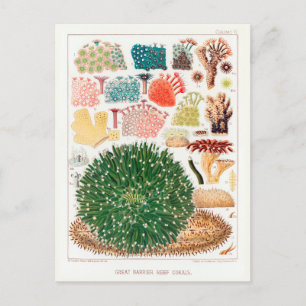 Australische  Great Barrier Reef Coral Poster Briefkaart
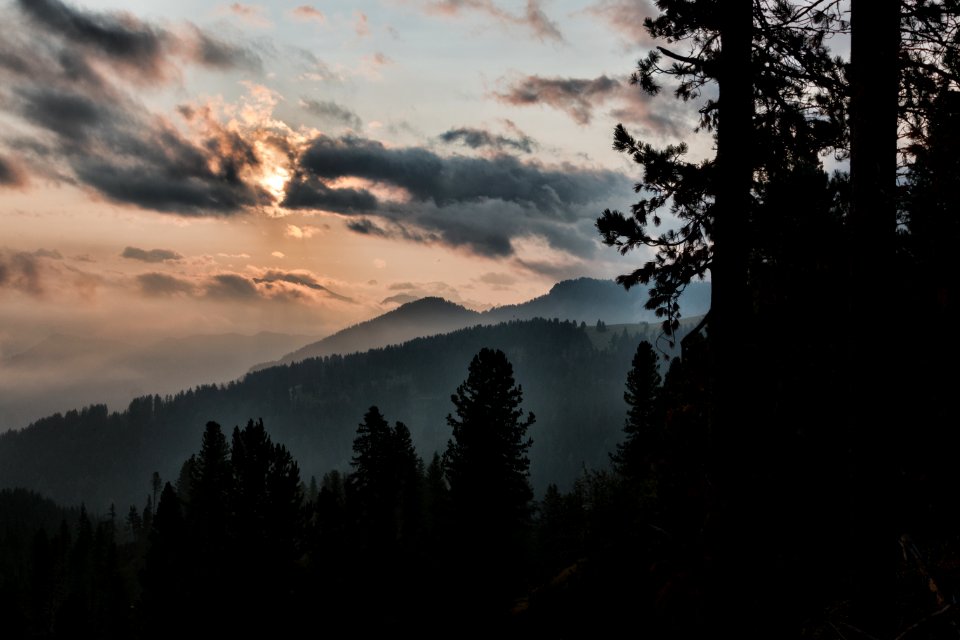 Silhouette Of Tall Trees Near Mountain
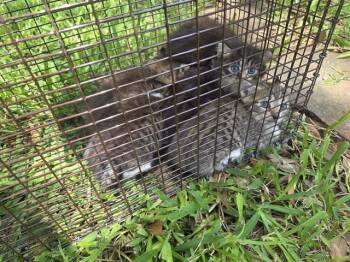 11 -  Domestic Short Hair Cat Available for Adoption in Houston, Texas - 11 | PetCurious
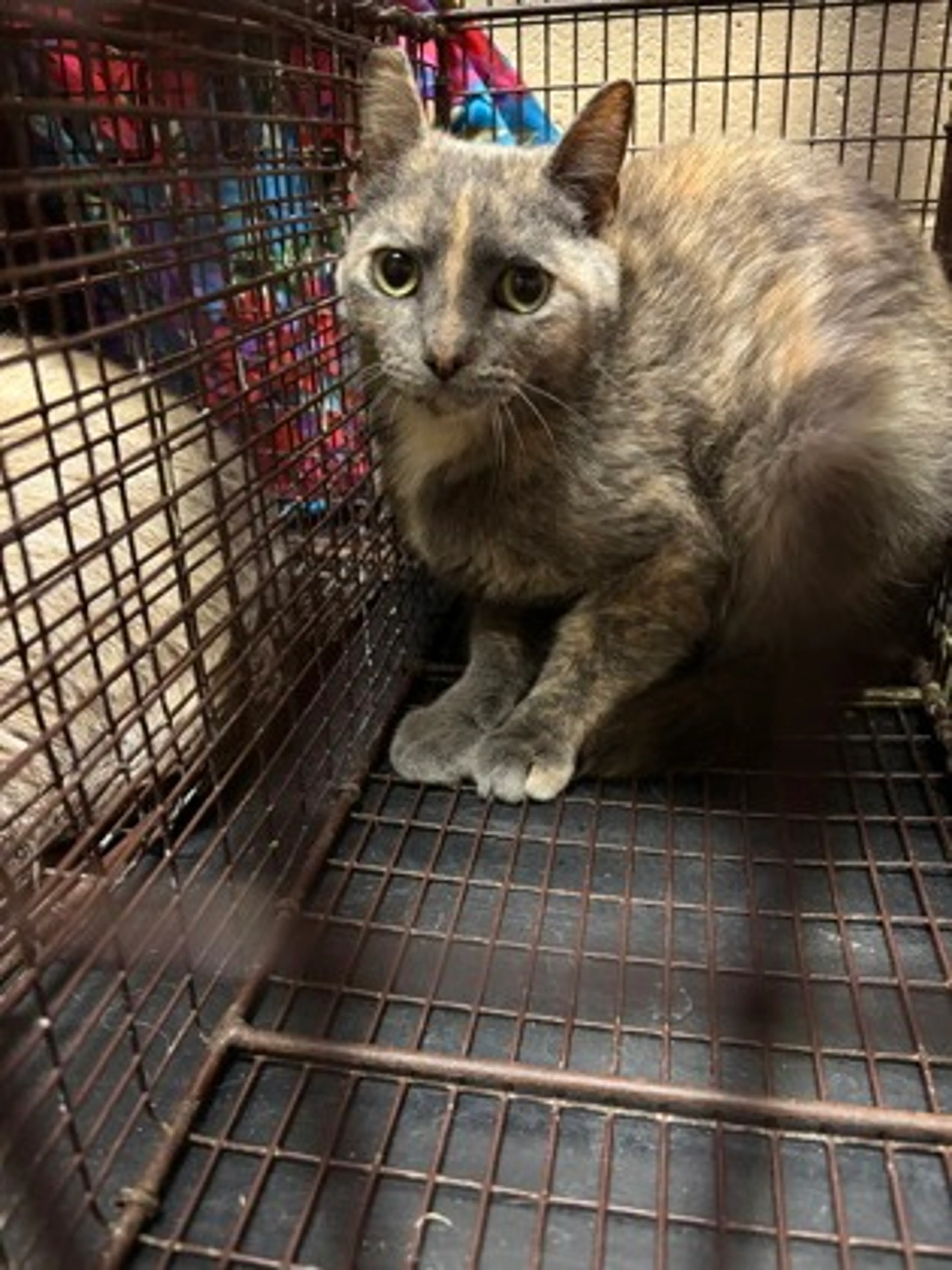 Found pet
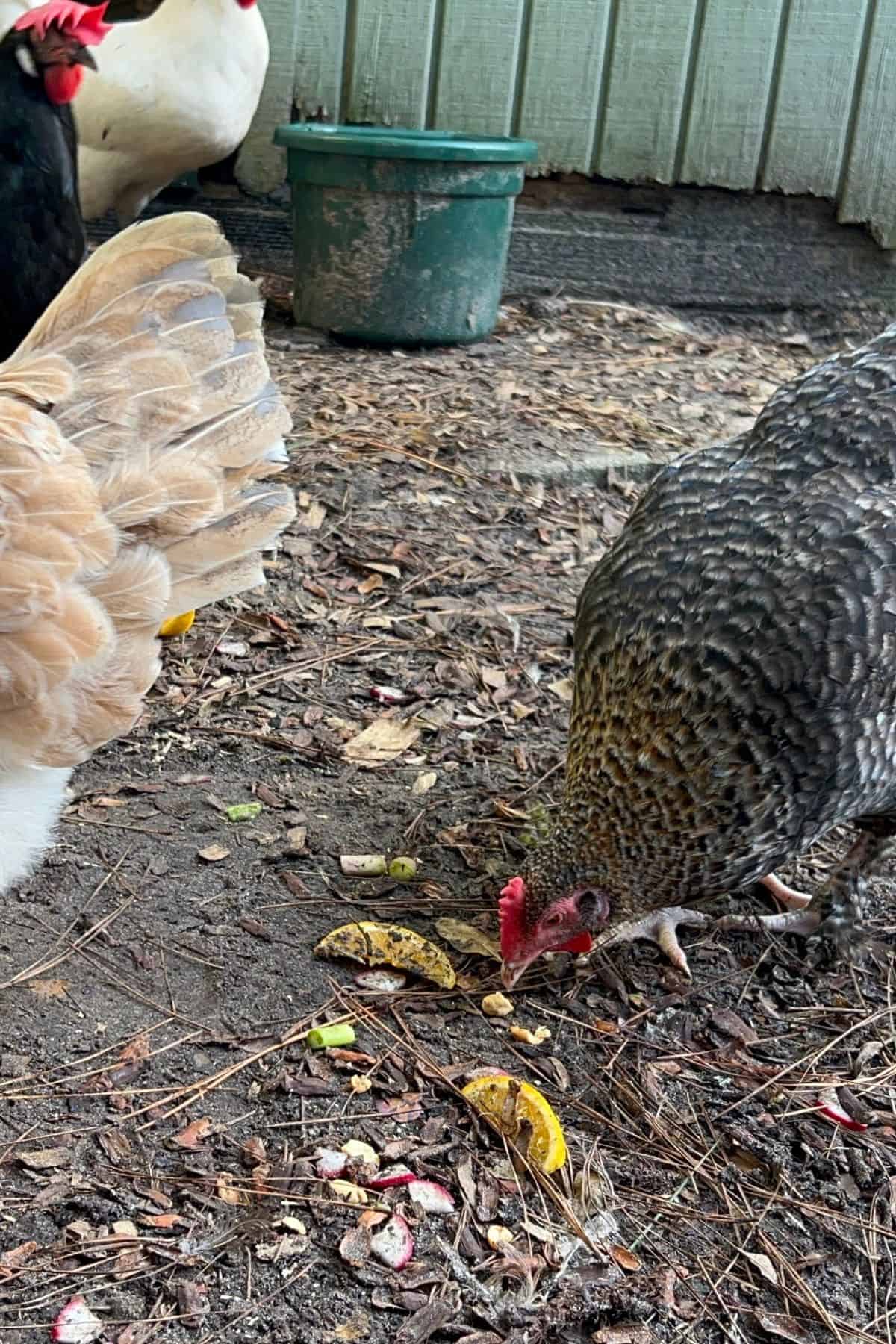 Chicken eating oranges off the ground.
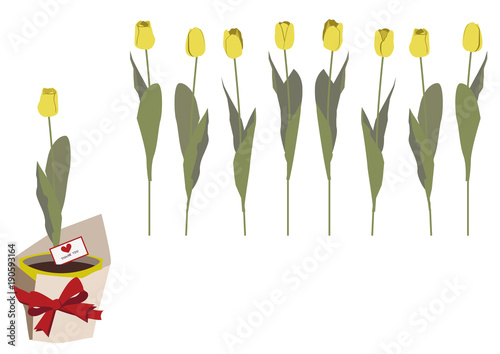 春の花。チューリップのクリップアート。ギフトフラワー。
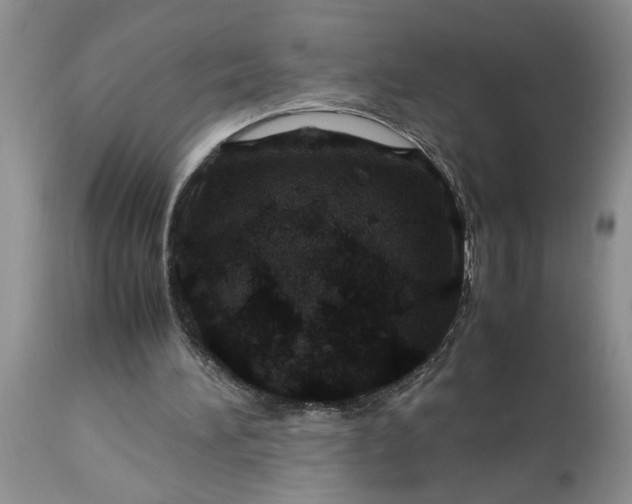 X0000113600196200910021749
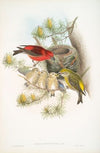 Loxia curvirostra. Common Crossbill. (1862-1873)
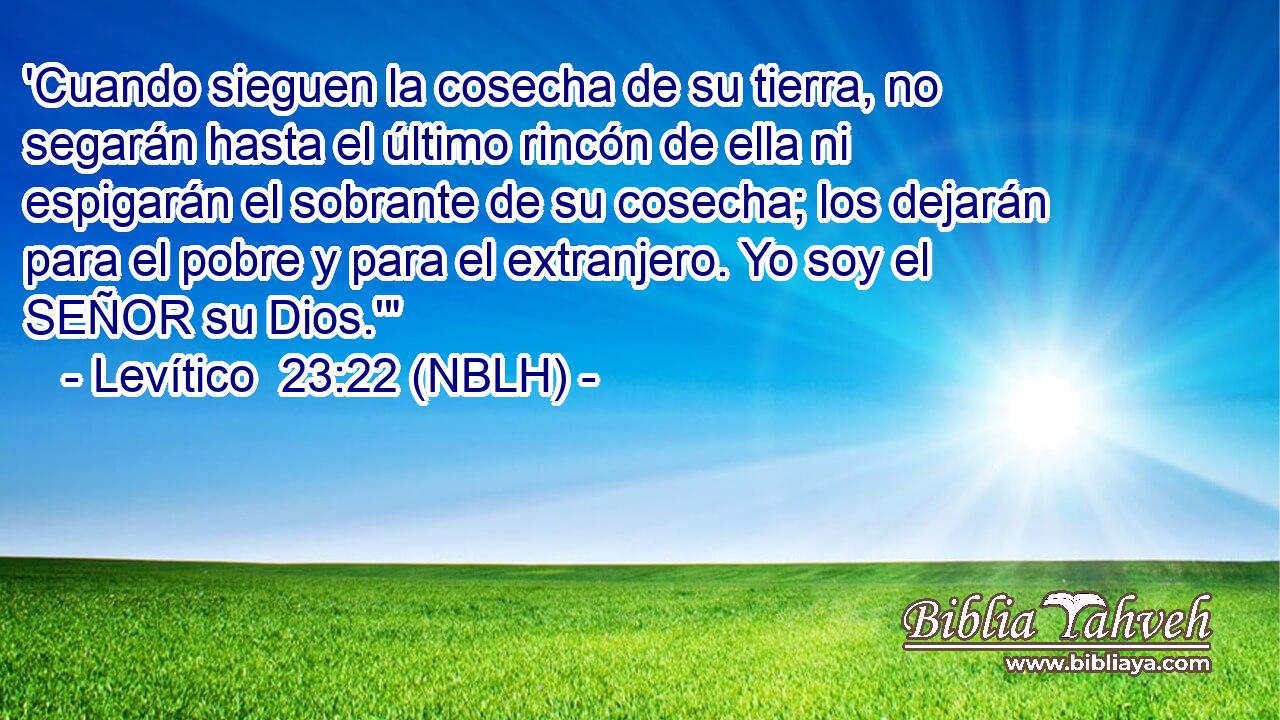  'Cuando sieguen la cosecha de su tierra, no segarán hasta el último rincón de ella ni espigarán el sobrante de su cosecha; los dejarán para el pobre y para el extranjero. Yo soy el SEÑOR su Dios.'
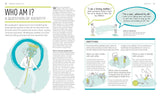 Practical Mindfulness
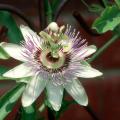 Blue passionflower, known botanically as Passiflora caerulea, is a tropical vine and prolific bloomer across most of the state. Although called blue, this native to South America actually has white petals and scores of attractive blue filaments. 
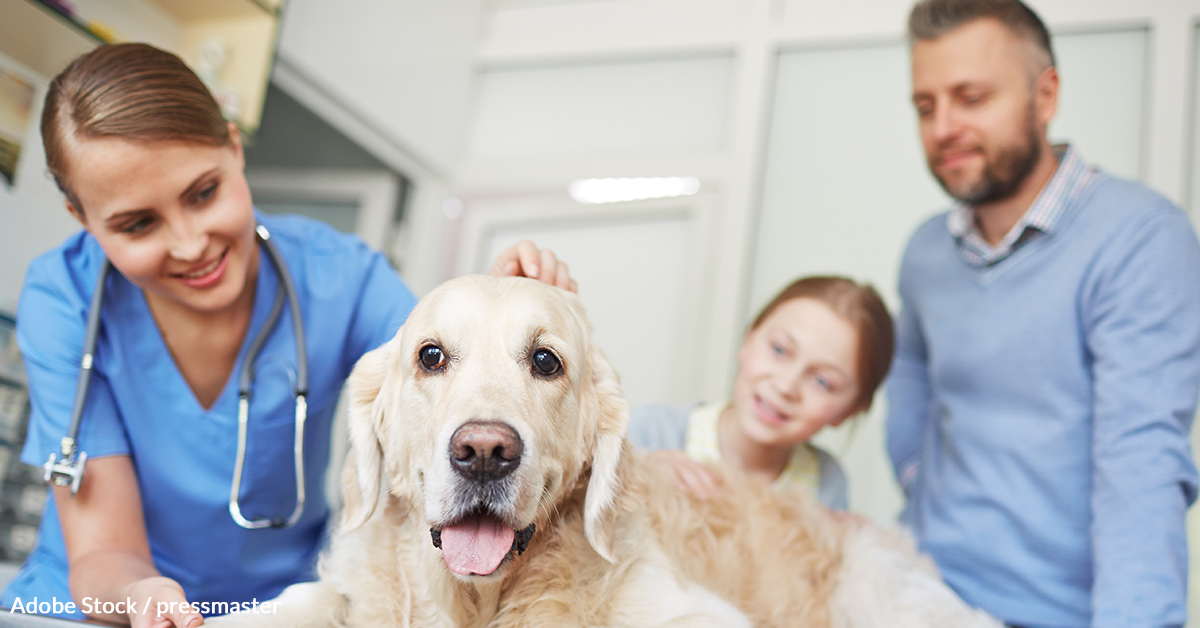 Know The Risks Of Cancer When It Comes To Your Pet | 12 Tomatoes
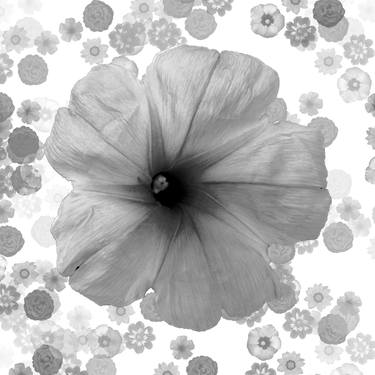 Original Floral Digital by Diego Cerezer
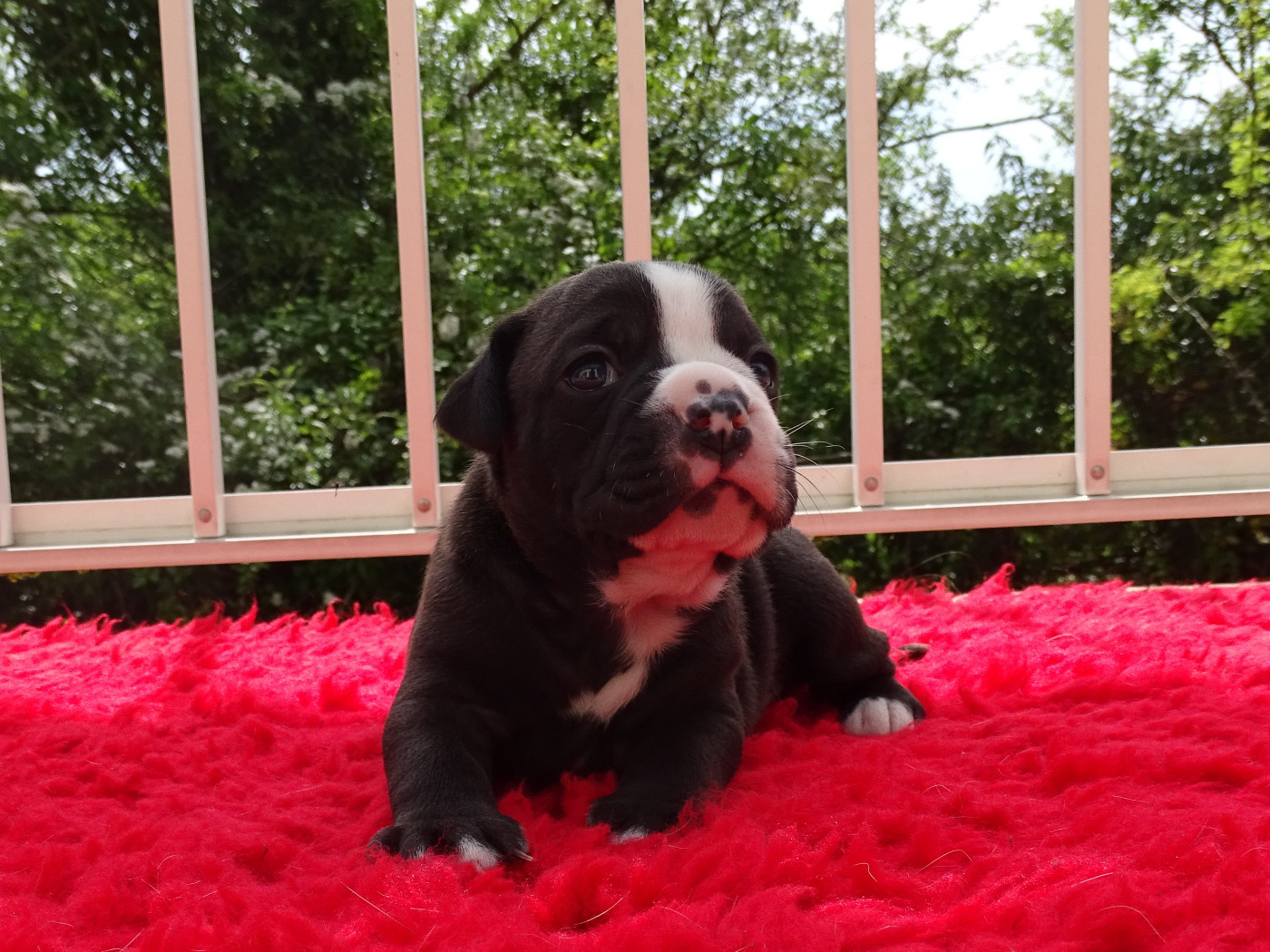 du Mont de l'Aigle - Chiots disponibles - Bulldog continental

[WHAT YOU SHOULD DO]: Print once more, exactly, the lines that start at the top of the records above and end at the line with "X0000113600196200910021749", skipping all pictures.

[SOLUTION FOR THIS PROBLEM]:
 Australische  Great Barrier Reef Coral Poster Briefkaart
 Silhouette Of Tall Trees Near Mountain
 11 -  Domestic Short Hair Cat Available for Adoption in Houston, Texas - 11 | PetCurious
 Found pet
 Chicken eating oranges off the ground.
 春の花。チューリップのクリップアート。ギフトフラワー。
 X0000113600196200910021749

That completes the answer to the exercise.